Office vacancies ended 2009 at 17.6%, up from 14.8% at
year’s end in 2008, according to commercial real estate
firm Grubb & Ellis’ 2010
U.S. Forecast Report. Industrial vacancies rose to
10.7%, and retail vacancies are expected to hit 11.7% by the
end of 2010. The marketplace continues to absorb hundreds of
millions of vacant square footage. Commercial vacancies are
likely to set a modern-day record by the end of this year,
warns Grubb & Ellis.
Ed Magliaro, executive vice president and national practice
leader for property at Swett & Crawford, has sifted through
vacant-property submissions for years. He admits that the
current marketplace is the first time he’s seen the
demand for vacant-building insurance so high,
“particularly for large properties.” He says
it’s shocking to be getting calls from retailers trying
to find vacancy coverage for a $500 million to $700 million
property. “In the past, vacancies were one-offs or local
situations, not tied to any general economic event.
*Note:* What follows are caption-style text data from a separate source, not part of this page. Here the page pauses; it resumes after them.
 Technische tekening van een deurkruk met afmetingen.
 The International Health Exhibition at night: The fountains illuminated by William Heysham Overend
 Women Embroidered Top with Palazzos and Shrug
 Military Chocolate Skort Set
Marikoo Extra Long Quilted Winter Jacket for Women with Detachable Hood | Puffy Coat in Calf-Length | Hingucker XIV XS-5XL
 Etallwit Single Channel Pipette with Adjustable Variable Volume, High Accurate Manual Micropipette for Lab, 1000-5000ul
Now
it’s pretty much a national issue with certain areas of
the country being affected more severely than others and every
segment of the economy feeling some impact.”
As a growing contingent of financial institutions takes
possession of properties, identifying who will manage the
property and who is ultimately the named insured becomes
difficult.
“So many of the properties we see today are in
bankruptcy or some other adverse financial situation,”
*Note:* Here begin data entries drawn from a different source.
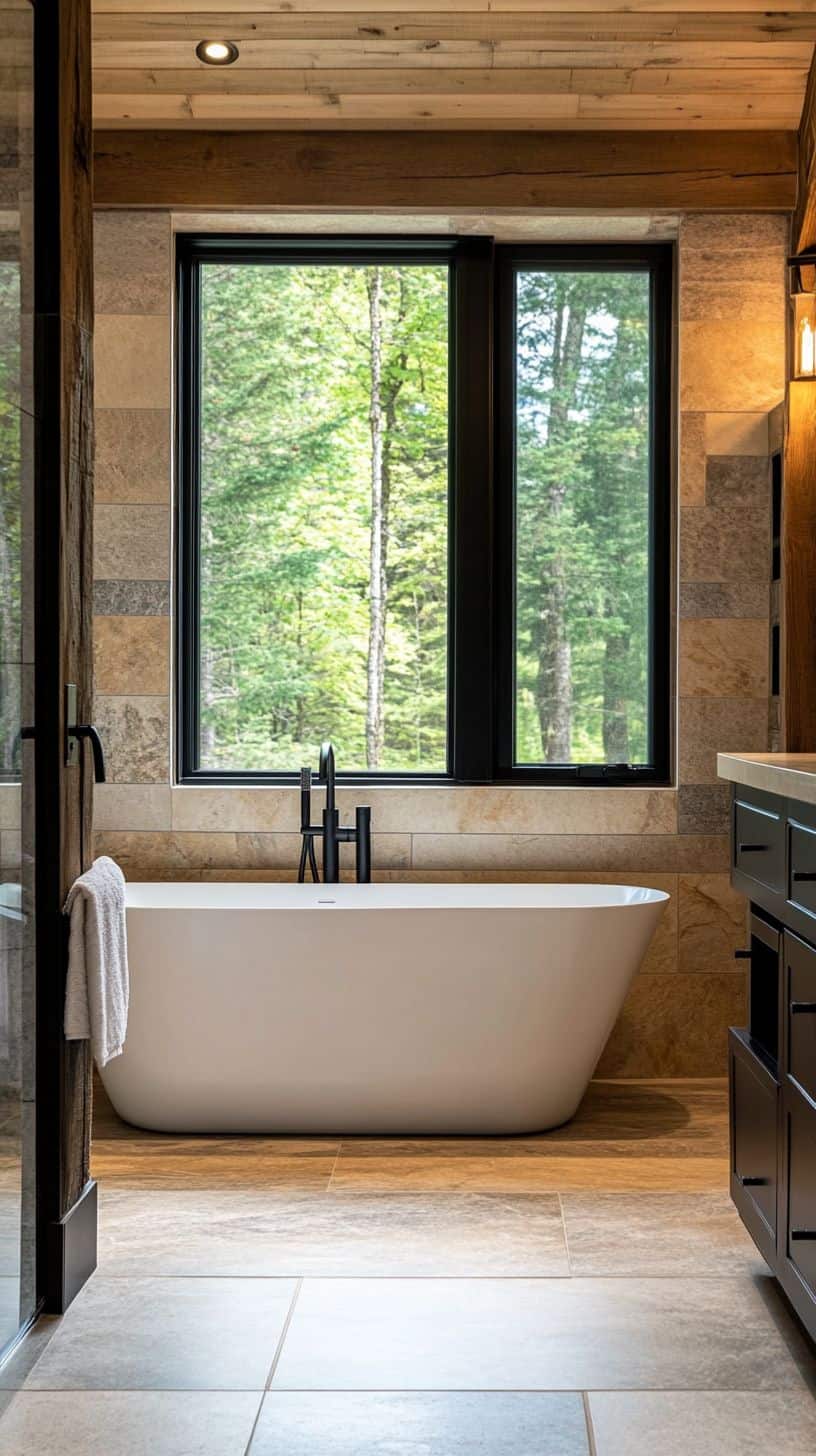 Modern rustic bathroom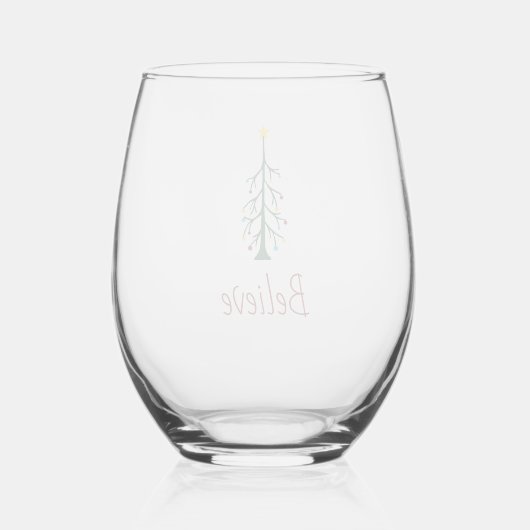 Verre À Vin Sans Pied Croyez Noël À feuillage persistant Arbre Moderne (Verso)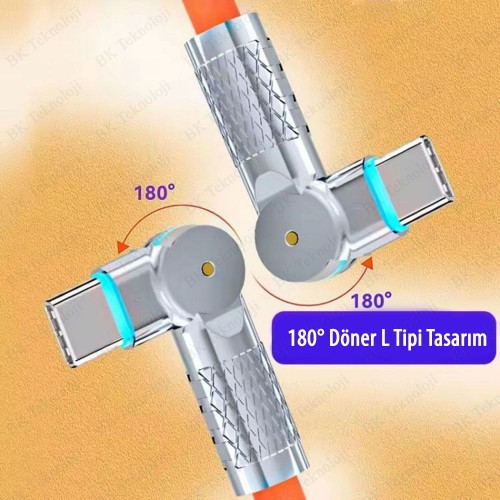 180° Döner Başlıklı Type-C to Type-C Hızlı Data/Şarj Kablosu - 1 Metre
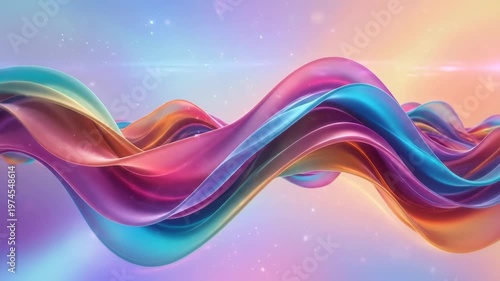 Colorful abstract shapes flow across a bright digital background with smooth gradients and soft curves, luminous highlights enhancing depth and harmony, cinematic lighting emphasizing vibrancy and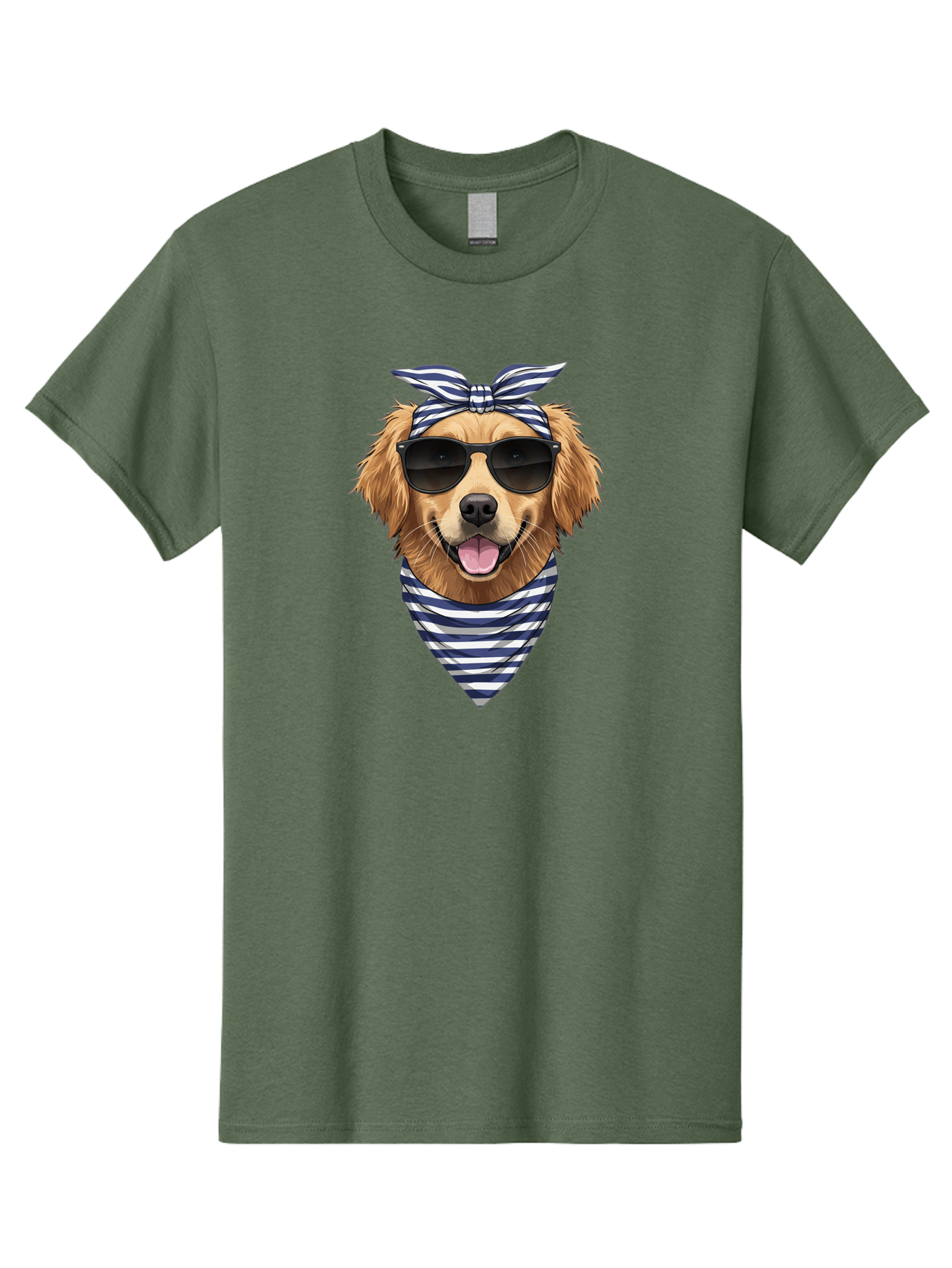 Golden-Dog Men'S Graphic Tee, 100% Cotton, Comfortable Casual Summer Wear, Machine Washable, Cool Dog, Dog Wearing Sunglasses, Retro Dog, Dog With Bandana, Cute Canine, Happy Dog, Stylish Pup, Funny Animal Bab965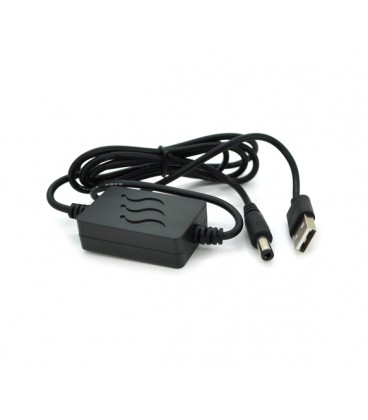 Кабель для роутера 5.5/2.1mm(M)&gt, USB2.0 (Input: 5V/Out:12V 1А), 1м, Black, OEM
Magliaro says. “When this happens a determination has to
be made as to who is in control of the property. Is it a bank?
The developer? The original owner? This information is every
bit as important to underwriters as specific construction data
on the real property.”
Also imperative are the circumstances in which the building
became vacant. Many risks are “normal
vacant”—Magliaro’s term for properties that
are in preparation for sale or between leases.
“Traditionally with vacant property, the property and
owner were not necessarily under financial pressure—just
in transition,” he says. A growing number of risks are
what he calls “economy vacant.” These properties
are of greater concern for underwriters because their future is
uncertain. In more and more cases, they are abandoned because
the insured ran out of money.
Royle says another disturbing part of this trend is that
investors are buying properties from banks for pennies on the
dollar without the necessary infrastructure to manage them.
Insurance folks are typically kept in the dark regarding these
transactions until the 11th hour, and limited underwriting
information makes it difficult to price and to underwrite the
schedules accurately.
With evidence that the risk in this property is increasing,
insureds often receive policies containing protective safeguard
restrictions, warranties and other unfamiliar conditions that
must be highlighted at the time of binding. Failure at this
stage of the process by an inexperienced retailer could prove
catastrophic.
Further, Royle says inexperienced retailers may be
sympathetic to an insured’s insistence that the situation
is short-term. Insureds tend to be “overly
optimistic” about occupancy, he says. Vacancy policies
typically have many policy-period options, and it’s
tempting to lowball expectancy to keep the premium down. But
Royle warns that philosophy can easily backfire. “As
vacancy stalls, this usually means a greater moral hazard and
subsequent higher premium at renewal. A longer policy term
helps ensure rate consistency over a greater time
period.”
While coverage for vacant properties is not exclusive to the
E&S markets, both Royle and Magliaro agree that an
experienced wholesaler is in a better position to manage the
new dynamics of the marketplace and to help inexperienced
retailers educate insureds about their new policies.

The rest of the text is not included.